Provided data:
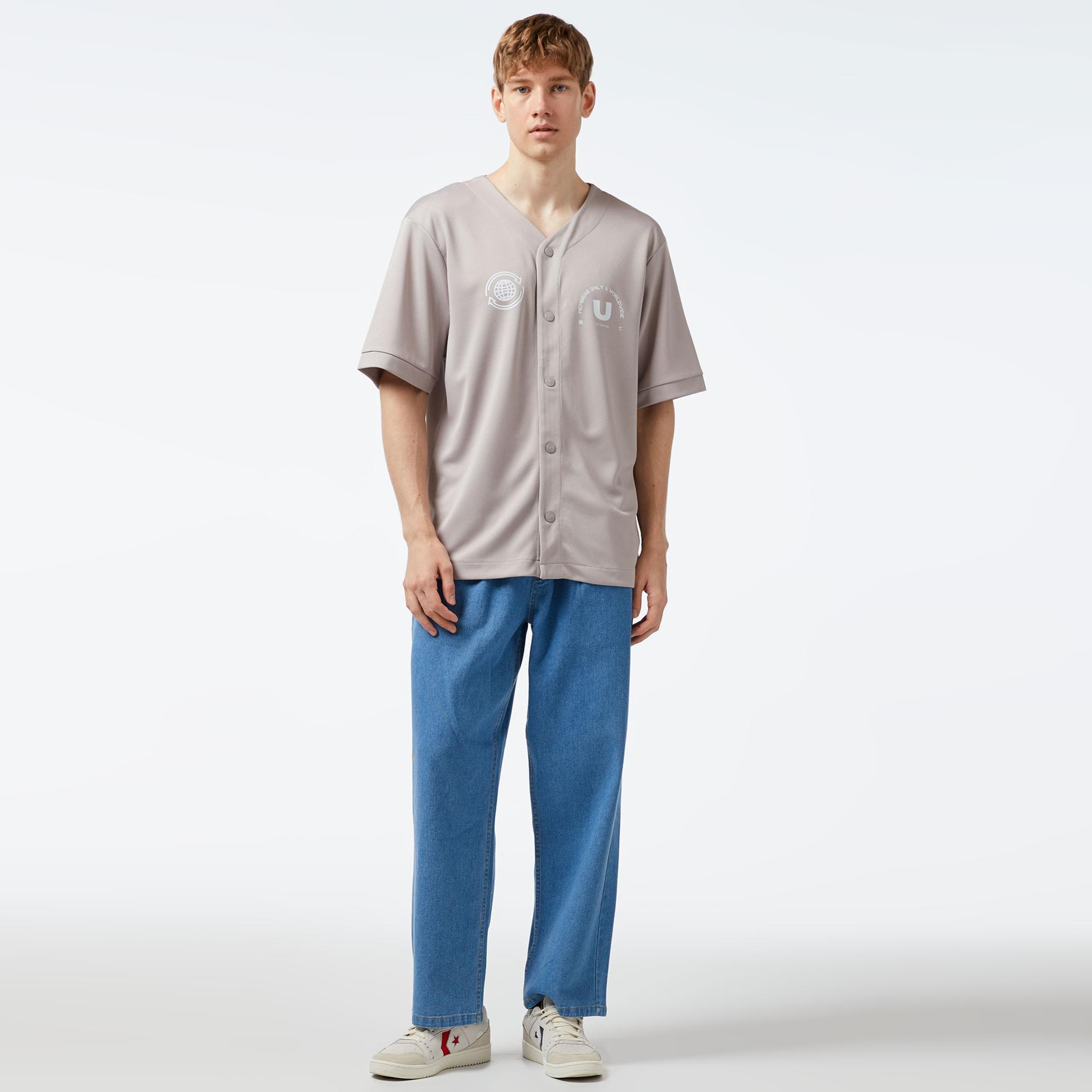 UNITED4 Erkek Gri Gömlek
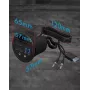 ICY BOX IB-HUB1403B stopcontact antraciet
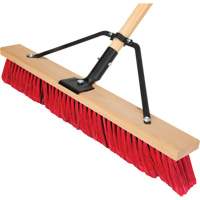 Push Broom with Braced Handle, 24", Medium, PVC Bristles Ontario Packaging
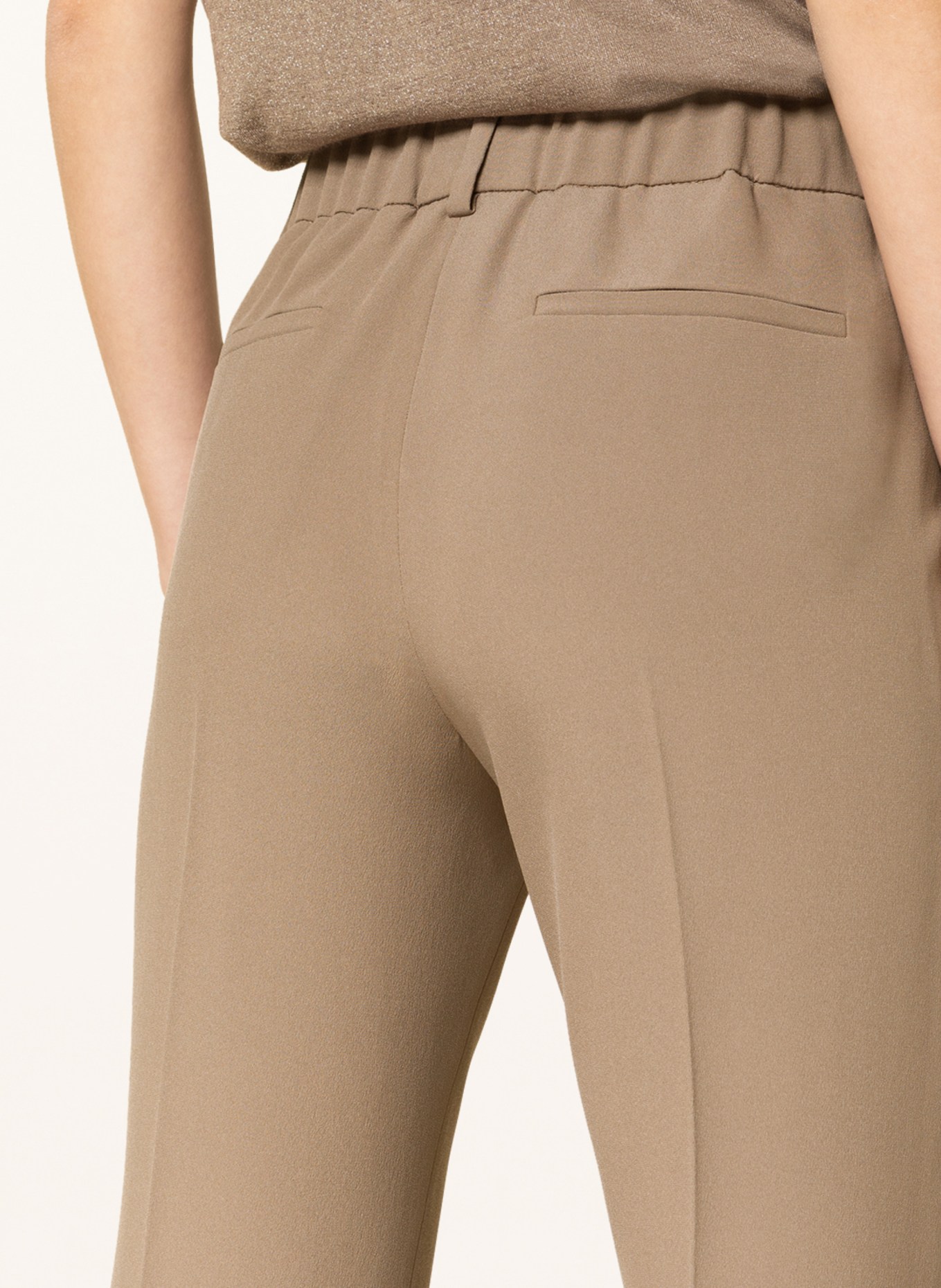BRUNELLO CUCINELLI 7/8 trousers with silk, Color: BEIGE (Image 5)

Task item:
All lines of the listing must be given again exactly, excluding the pictures.

Written response:
 UNITED4 Erkek Gri Gömlek
 ICY BOX IB-HUB1403B stopcontact antraciet
 Push Broom with Braced Handle, 24", Medium, PVC Bristles Ontario Packaging
BRUNELLO CUCINELLI 7/8 trousers with silk, Color: BEIGE (Image 5)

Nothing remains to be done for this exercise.